Along with In-Memory Parallel Execution, another new feature that came along with release 11gR2 of the Oracle Database (or more correctly, version 2 of Exadata Storage Server) is Hybrid Columnar Compression. You'll need Exadata to use this (though at one point is was part of the standard 11gR2 database beta, without an Exadata dependency), but if you've got either the HP or Sun versions of the Exadata hardware, are running the v2 Exadata software and your database is running version 11gR2, then you can give this is a spin.
If you've been following the wider analytic database market over the past few years (Curt Monash's DBMS2 website is a good place to start), you'll probably be aware of products such as Sybase IQ and Vertica Analytic Database that store data in columns as opposed to rows. Interestingly, a lot of former ex-Oracle data warehousing server tech people ended up at Vertica, including Lilian Hobbs (author of "Oracle 10g Database Data Warehousing") , and over the past couple of years vendors such as these have achieved some success in the marketplace with their column store approach. In fact I ran an interview with Mike Stonebraker, CTO of Vertica, on this blog a few months ago (prior to the release of Exadata 2) where he set out the case for column-based storage and the "shared nothing" architecture that his product uses.
Fast forward to the weeks before Open World, and Oracle announce the Sun Database Machine and version 2 of the Exadata Storage software that comes with it. Apart from Flash Cache (primarily aimed at OLTP environments) the major innovation from my perspective, and a bit of a volte-face from Oracle, was this halfway-house approach to column-based storage which they termed "Hybrid Columnar Compression". The idea behind this is as follows:
- The Oracle database is still primarily a row-based engine, but there is a new type of segment compression that compresses data in columns
- This is only available if you are using Exadata Storage Server - Kevin Closson says that this is due to technical (as opposed to marketing) reasons
- It comes in two forms; Warehouse Compression (add COMPRESS FOR QUERY to your table definition script) and Archive Compression (add COMPRESS FOR ARCHIVE to your table script).

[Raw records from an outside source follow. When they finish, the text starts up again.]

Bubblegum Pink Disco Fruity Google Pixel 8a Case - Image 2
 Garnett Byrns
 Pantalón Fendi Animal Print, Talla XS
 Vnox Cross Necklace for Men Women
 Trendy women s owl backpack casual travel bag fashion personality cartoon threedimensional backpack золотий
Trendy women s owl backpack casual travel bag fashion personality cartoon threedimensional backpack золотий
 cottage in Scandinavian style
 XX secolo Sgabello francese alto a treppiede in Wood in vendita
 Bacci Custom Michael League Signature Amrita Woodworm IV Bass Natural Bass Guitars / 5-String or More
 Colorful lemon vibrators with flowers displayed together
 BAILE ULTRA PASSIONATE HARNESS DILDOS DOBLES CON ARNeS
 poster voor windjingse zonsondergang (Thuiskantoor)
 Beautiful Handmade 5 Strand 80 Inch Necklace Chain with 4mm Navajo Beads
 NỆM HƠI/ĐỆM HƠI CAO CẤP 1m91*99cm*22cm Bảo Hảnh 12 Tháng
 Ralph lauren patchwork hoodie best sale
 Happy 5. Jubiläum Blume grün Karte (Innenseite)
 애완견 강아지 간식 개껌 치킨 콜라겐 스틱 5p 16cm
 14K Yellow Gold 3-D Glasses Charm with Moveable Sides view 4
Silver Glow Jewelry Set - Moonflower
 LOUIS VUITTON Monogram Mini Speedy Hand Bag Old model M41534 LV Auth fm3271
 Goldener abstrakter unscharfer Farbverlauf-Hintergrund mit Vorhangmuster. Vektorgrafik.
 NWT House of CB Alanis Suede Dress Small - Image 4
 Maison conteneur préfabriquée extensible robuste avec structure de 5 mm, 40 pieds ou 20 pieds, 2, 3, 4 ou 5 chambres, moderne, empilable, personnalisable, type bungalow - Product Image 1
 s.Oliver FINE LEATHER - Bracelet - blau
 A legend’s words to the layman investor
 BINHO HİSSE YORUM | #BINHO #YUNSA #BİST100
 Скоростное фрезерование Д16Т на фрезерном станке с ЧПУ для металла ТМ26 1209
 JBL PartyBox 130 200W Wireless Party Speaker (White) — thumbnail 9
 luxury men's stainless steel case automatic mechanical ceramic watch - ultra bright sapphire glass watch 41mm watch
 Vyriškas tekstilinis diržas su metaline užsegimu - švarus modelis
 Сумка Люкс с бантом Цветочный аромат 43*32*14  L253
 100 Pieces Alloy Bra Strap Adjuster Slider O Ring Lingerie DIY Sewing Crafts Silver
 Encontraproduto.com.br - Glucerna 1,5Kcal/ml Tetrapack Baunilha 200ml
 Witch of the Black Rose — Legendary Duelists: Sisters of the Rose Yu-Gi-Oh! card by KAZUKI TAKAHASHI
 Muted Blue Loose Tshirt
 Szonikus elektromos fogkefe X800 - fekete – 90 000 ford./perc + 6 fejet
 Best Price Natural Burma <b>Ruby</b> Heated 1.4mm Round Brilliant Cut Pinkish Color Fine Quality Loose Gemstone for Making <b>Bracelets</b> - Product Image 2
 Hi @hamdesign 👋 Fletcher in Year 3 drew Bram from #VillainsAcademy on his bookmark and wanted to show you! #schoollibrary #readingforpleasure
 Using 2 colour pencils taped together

- Compress for query is optimized for DSS-style queries (the same market as Vertica/Sybase IQ), whilst Compress for Archive burns up more CPU but achieves greater compression than Warehouse compression.
- It all works through a feature introduced in Exadata 2 / Oracle Database 11gR2 called "Compression Units".
The compression units used by Hybrid Columnar Compression typically span several data blocks and inside, organize data into sets of columns, with each compression unit holding the data for the columns for several rows.
These compression blocks offer two potential advantages to data warehousing customers; firstly they compress better because columns are more likely to contain repeating values (genders, cities, account flags etc) than rows (where individual columns are often unrelated, at least in terms of the values they contain), and because you therefore pack more data in per block, it takes less blocks, and less disk I/O, to get hold of the data you are interested in - the same idea that makes regular compression attractive to DW users. Arup's article goes into the syntax and the concepts in more detail, if you're interested, and also has some test cases to show the kinds of benefits you can expect (though of course you'll need Exadata 2 to try them out). Also, beware of the locking issues that compression units can bring - as each unit contains several rows of data, a lock on one row in the compression unit will lock the other rows as well, which makes the feature not really suitable for OLTP environments.
For me though, the interesting test of this will be to see how hybrid columnar compression compares to the "pure-columnar" approach used by vendors such as Vertica. I would imagine Vertica would argue that whilst its great that these compression units store their data organized by column, their approach would be superior for DSS customers as their equivalent of blocks stores just the data for individual columns, not all the columns for a set of rows. As such, their approach may well require even less disk I/O as you won't be pulling back all the (compressed) columns that are stored with the columns you require (as you do with Oracle's compression units), though I'm not close enough to either of the technologies to know if this is the case.
I doubt we'll ever really see an apples-to-apples benchmark test of both technologies side-by-side (if only because most vendors' license terms prohibit publishing benchmarks), but for Oracle customers I guess this is by-the-by; even if columnar compression isn't as DSS-efficient as pure column-based storage, it's still a huge boost to queries and it keeps it all in the familiar, manageable Oracle environment, a benefit not to be dismissed if you have thousands of databases to manage and you're aiming for vendor and hardware consolidation. For customers already sold on Exadata and SmartScan and for whom this is if anything a bit of a bonus, it'll be interesting to try this out on your own data and see how much benefit it brings.